プロテニス選手として24年にわたって大活躍し、103ものタイトルを獲得したロジャー・フェデラー。引退後は気楽な生活を送ると思われていたかもしれません。でも、史上最強と言われたスーパースターは、何かをせずにはいられないのです。
文:Iain Fuller 写真:Nicolas Haeni、Simon Almers
スイス・チューリッヒにあるOnの本社、On Labsの活気あふれる一角に、試作品、生地サンプル、靴型の数々が所狭しと並んでいる小部屋があります。そこでテニス界の世界的有名人にインタビューすることになるとは、夢にも思いませんでした。しかしその場所こそ、グランドスラム優勝20回の偉業を誇るロジャー・フェデラーが、2019年に共同起業家としてOnに加わって以来、足繁く通っている場所なのです。

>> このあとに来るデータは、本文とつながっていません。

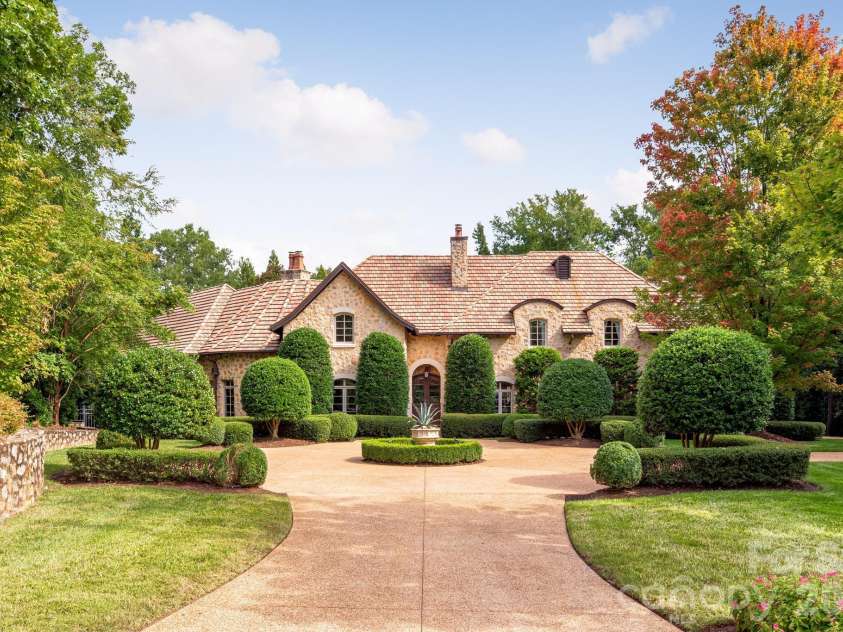 4231 Fox Brook Lane, Charlotte, NC 28211.  MLS# CAR4335388, YatesRealty ID 3229. An old world masterpiece, with a blend of modern interior design ascetic creates a true 1 of 1 home.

プロテニス選手として20年以上にわたり活躍を続けてきたフェデラーは、引退後、栄光の日々を振り返りながら悠々自適な生活を楽しむこともできたはず。けれどそれは彼の性分ではありません。隠居暮らしに甘んじるどころか、テニスの未来を書き換えるために中心となって奮闘しています。その意気込みの一つの証が、絶え間なく発展し続けるOnとのパートナーシップなのです。

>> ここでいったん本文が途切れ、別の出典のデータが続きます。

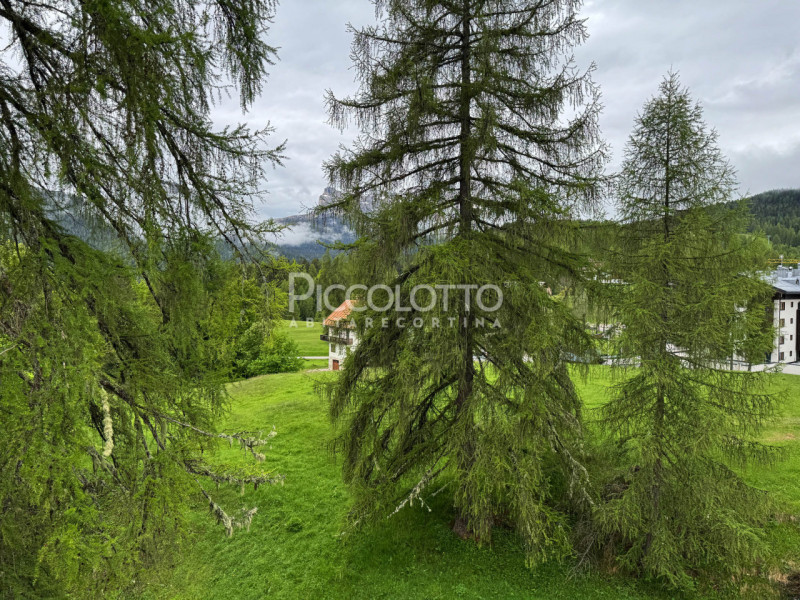 Rif. V5284 - Cortina d'Ampezzo, attico con 4 camere, posizione panoramica, adiacente alle piste d...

しかし、この新種の関係は一体どのように始まったのでしょうか?ブランドとアスリートのパートナーシップは数々あれど、実は彼とOnのパートナーシップはスポンサー契約からスタートしたわけではありません。だって、フェデラーはそれ以前からOnのギアを愛用していたのですから。我々がタッグを組んだのは、On創業者たちがフェデラーと会食したのがきっかけでした。互いに同じ価値観を持ち、イノベーションとデザインへの情熱を共有していることがすぐに明らかになったのです。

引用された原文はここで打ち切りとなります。